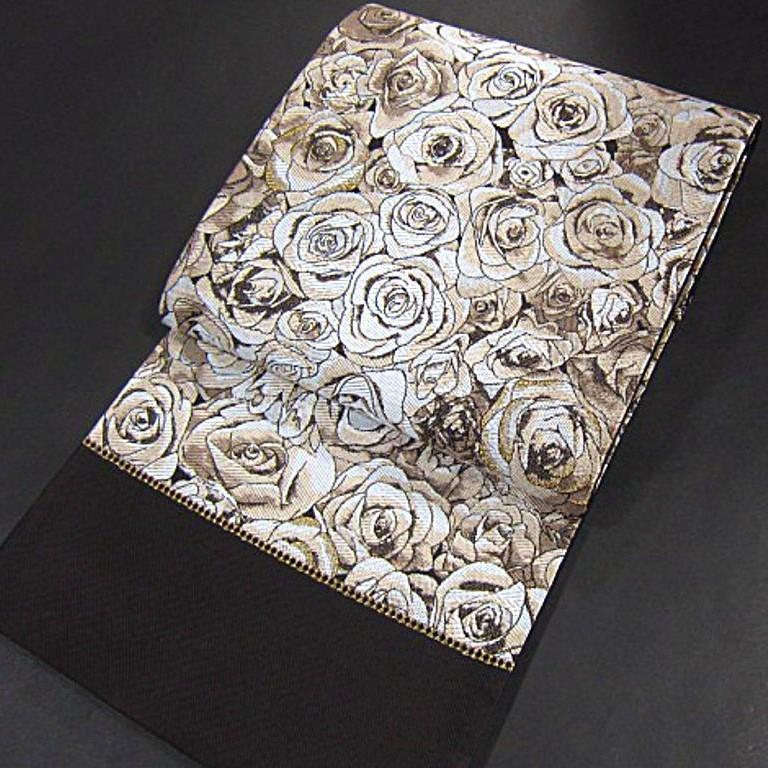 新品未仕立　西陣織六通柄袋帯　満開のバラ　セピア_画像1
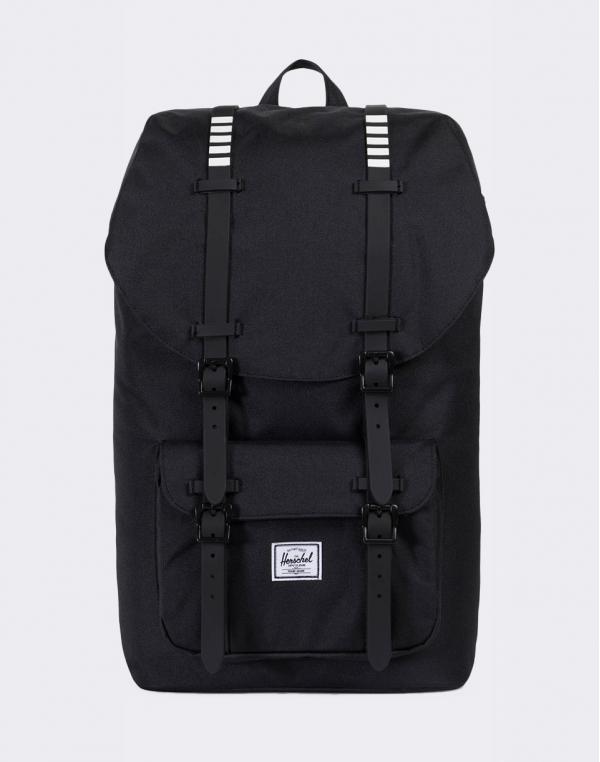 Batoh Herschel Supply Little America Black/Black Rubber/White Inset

...

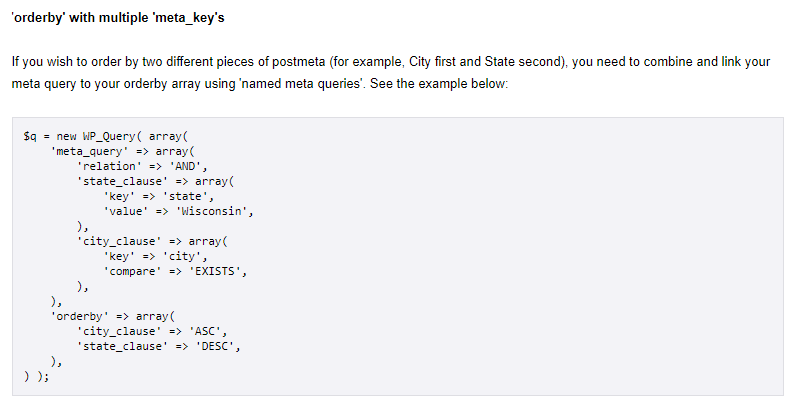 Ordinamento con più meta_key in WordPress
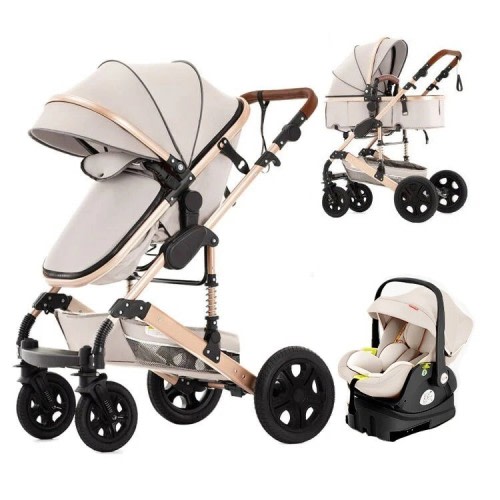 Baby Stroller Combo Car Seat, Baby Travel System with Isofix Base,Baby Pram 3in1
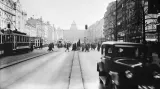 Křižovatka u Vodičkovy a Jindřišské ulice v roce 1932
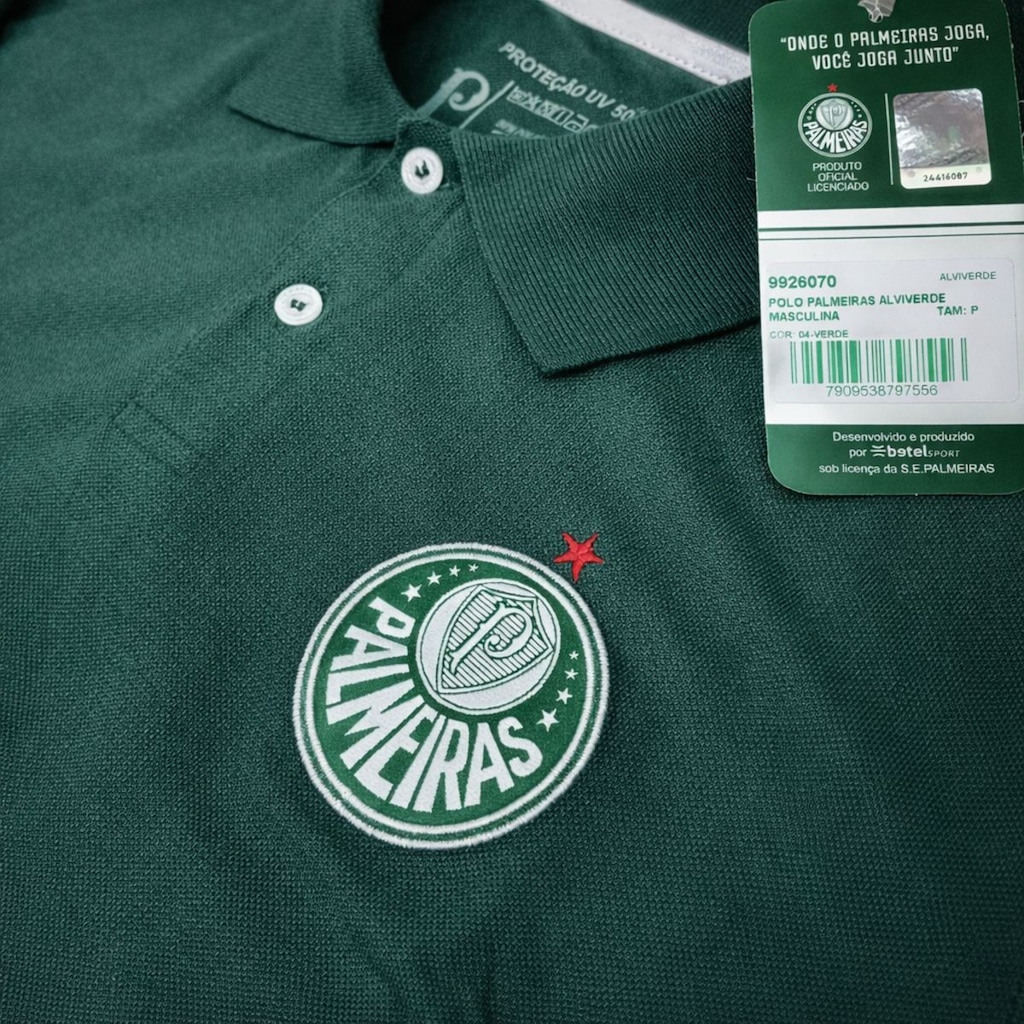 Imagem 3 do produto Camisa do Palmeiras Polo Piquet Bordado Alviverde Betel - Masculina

...

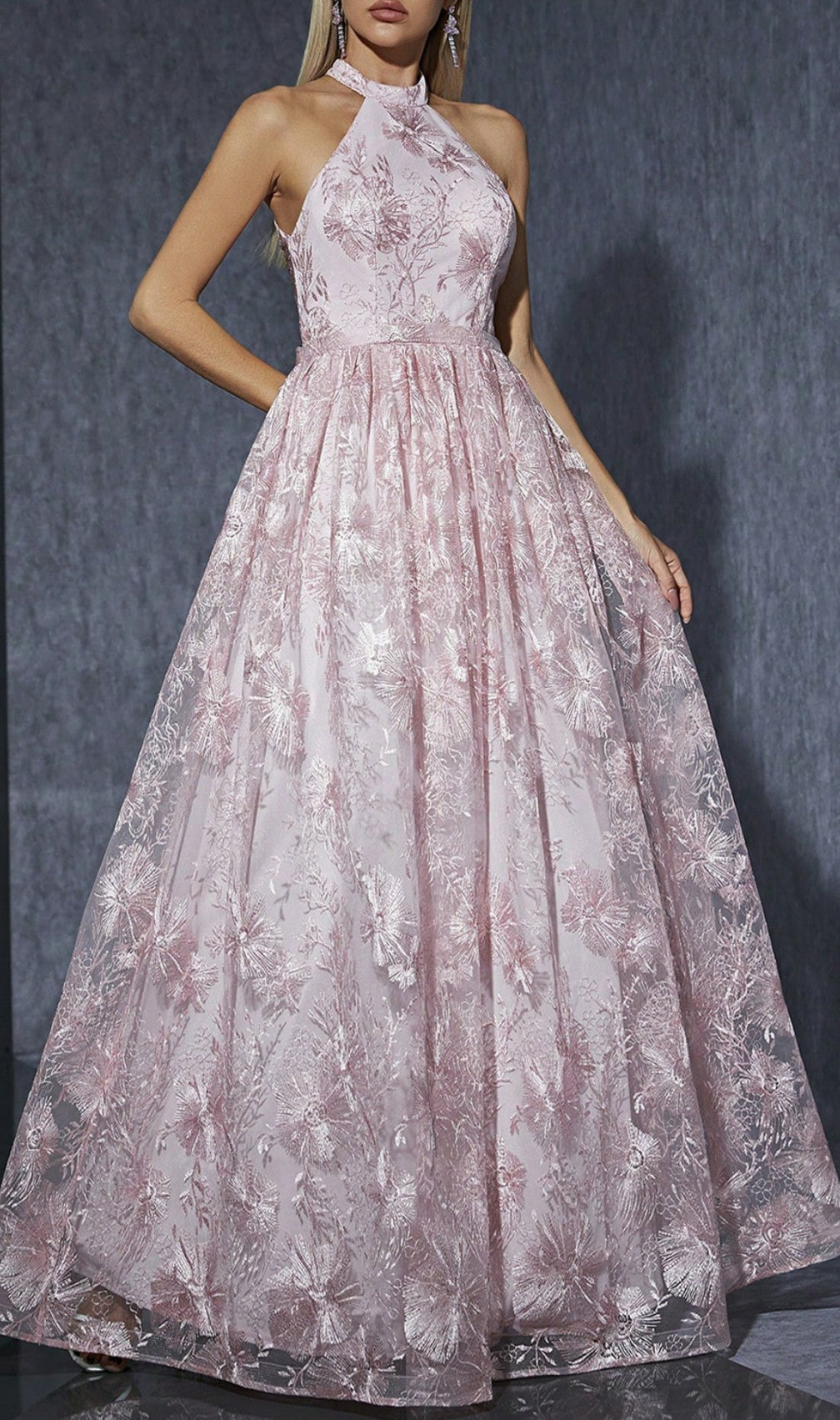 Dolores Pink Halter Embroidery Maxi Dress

EXERCISE GOAL:
Using the records above, return word for word the lines that begin at the one containing "Baby Stroller Combo" and end at the one containing "Imagem 3 do", both of them included and no pictures.

THE ANSWER:
 Baby Stroller Combo Car Seat, Baby Travel System with Isofix Base,Baby Pram 3in1
 Křižovatka u Vodičkovy a Jindřišské ulice v roce 1932
 Imagem 3 do produto Camisa do Palmeiras Polo Piquet Bordado Alviverde Betel - Masculina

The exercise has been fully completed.